Mr. Lu Guiqing, Delegate to National People’s Congress, also President of China Construction Fifth Engineering Group Corp. Ltd, expressed his opinion on this tax reform and advised for a 6% tax rate for construction industry.
The gap between theory and reality
Tax reform of construction industry hasn’t been executed yet, while replacement of sales tax by value-added tax is irreversible.
Lu Guiqing contended that according to current tax arrangement, construction enterprises bear more tax than enterprises of other industry. Data disclosed by National Bureau of Statistics indicates that tax levied on industrial enterprises above national scale was 50 percent of their net profit, but 100 percent of net profit against construction enterprises in 2012.
Construction enterprises make low profit in a whole and belong to little-profit industry. Net profit rate of listed construction companies was 2.4% in 2012, compared to 2.8% in 2011. Data released by National Bureau of Statistics shows that the highest yearly net profit rate achieved by construction enterprise in 2005-2012 was at best 3.5%.
The low profitability of construction industry should be mainly ascribed to the bidding disorder in construction industry in recent years, which consumes part of enterprises’ due profit. Chan Yan, Analyst of Shanghai Luban Consultancy Co., Ltd attributed increased cost and decreased gross profit of construction enterprises to greatly increased financing & labor cost.
Value-added tax rate during pilot period would be 11% in accordance with a notification jointly issued by Ministry of Finance & State Administration of Taxation with regard to Pilot Plan of Replacement of Sales Tax with Value-added Tax. After release of this news, related associations across the nation continually call construction enterprises to make assessment. China Construction Accounting Association also published its study report in this regard.
Actually, if 11% of tax rate is put in practice, overall tax burden of construction enterprises, by theoretical calculation, will remain unchanged or decrease slightly. Calculations by China Construction Accounting Association and pertinent organizations indicate that tax borne by construction enterprises will substantially increase after sale tax is replaced by value-added tax, and over 85% enterprises will service more tax.
An interviewed construction enterprise told reporters that it’s business income in 2012 totaled 20 billion Yuan. By rough calculation, it should be taxed 3% of the income before tax reform, but the tax rate would increase by about 2% if value-added tax is implemented.
In a report submitted by Lu Guiqing on Suggestions to Moderately Lower Value-added Tax Levied on Construction Enterprises, Mr.

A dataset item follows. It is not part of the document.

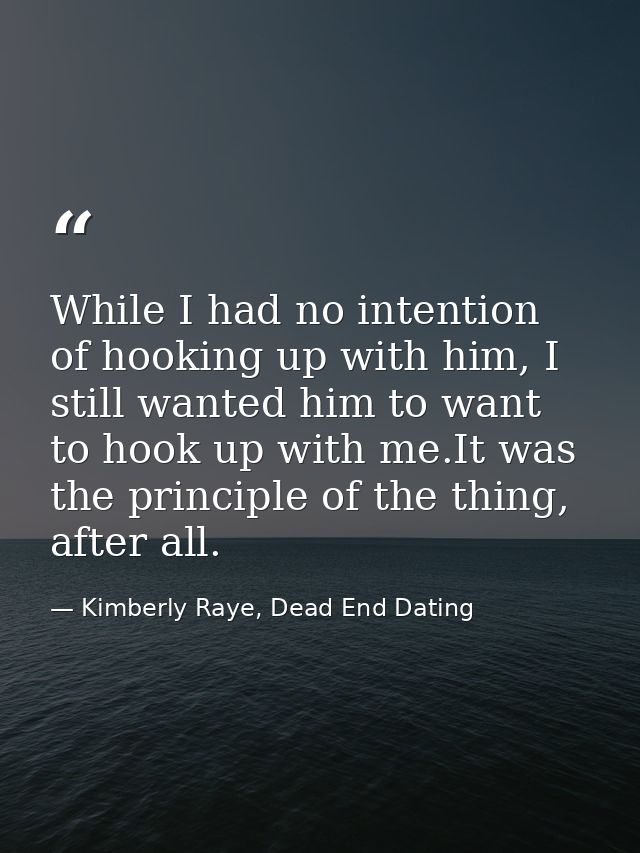 While I had no intention of hooking up with him, I still wanted him to want to hook up with me.It was the principle of t — Kimberly Raye, Dead End Dating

Lu listed tax changes of 10 construction enterprises subject to tax reform, whose tax will increase by 1.56% on average after value-added tax is adopted, with maximum 1.9% tax increase for some enterprise.
Increased tax further cuts net profit of construction enterprises, driving those enterprises which make meager profit go from bad to worse condition.
Invoice Dilemma after value-added tax is implemented.
The question is, why will construction enterprises service more tax in a circumstance where value-added tax is designed to their tax burden? People of this industry argue that the big difference between theory and reality results from the dilemma that tax on some incoming account can’t be deducted. Mr. Lu Guiqing also analyzed the financial indicator change after implementation of value-added tax.
Mr. Lu maintains that value-added tax is collected beyond price. On the one hand, in a value-added tax system, 11% of value-added tax is deducted from original sales tax, thus reducing income by 9.9%; on the other hand, as tax and cash outflow increase, the total profit decreases. In essence, invoice for incoming items can’t be fully collected, so there will be less tax deduction, causing tax and cash outflow to increase and profit to decrease.
As for the second reason, Mr. Lu specifically made following analysis:
Firstly, under current tax piloting circumstance, value added tax earmarked invoice is hard to be collected for special cost of construction enterprises such as labor and materials, resulting in inadequate tax deduction of incoming items. Construction industry is featured by labor intensive, where labor cost accounts for 20-30% of total, for which value-added tax invoice can’t be acquired for tax deduction according to current tax reform arrangement.
Secondly, according to Notice by Ministry of Finance and National Administration of Taxation on Goods Eligible for Low Value-added Tax Rate and Simple Value-added Taxation, general tax payers, under simple taxation regulation , will be levied 6% value added tax for selling self-produced construction goods such as sand & stone, bricks and tiles, cement and concrete, which lessen deductable value-added tax for construction enterprises
Thirdly, value added taxation system is in its piloting stage, and haven’t cover all industries, resulting in the absence of complete tax deduction chain. For instance, interest borne by enterprises’ loan from financing institute can’t be deducted from value added tax because tax reform of financial industry lags behind construction industry.
Fourthly, according to current tax reform pilot arrangement, value added tax against equipment, materials purchased before tax reform, and project under construction are not allowed to be deducted; if a supplier of self-supplied material issued invoice of value-added tax of materials to developer rather than construction enterprise, making material cost occurred to the latter unable to be recovered.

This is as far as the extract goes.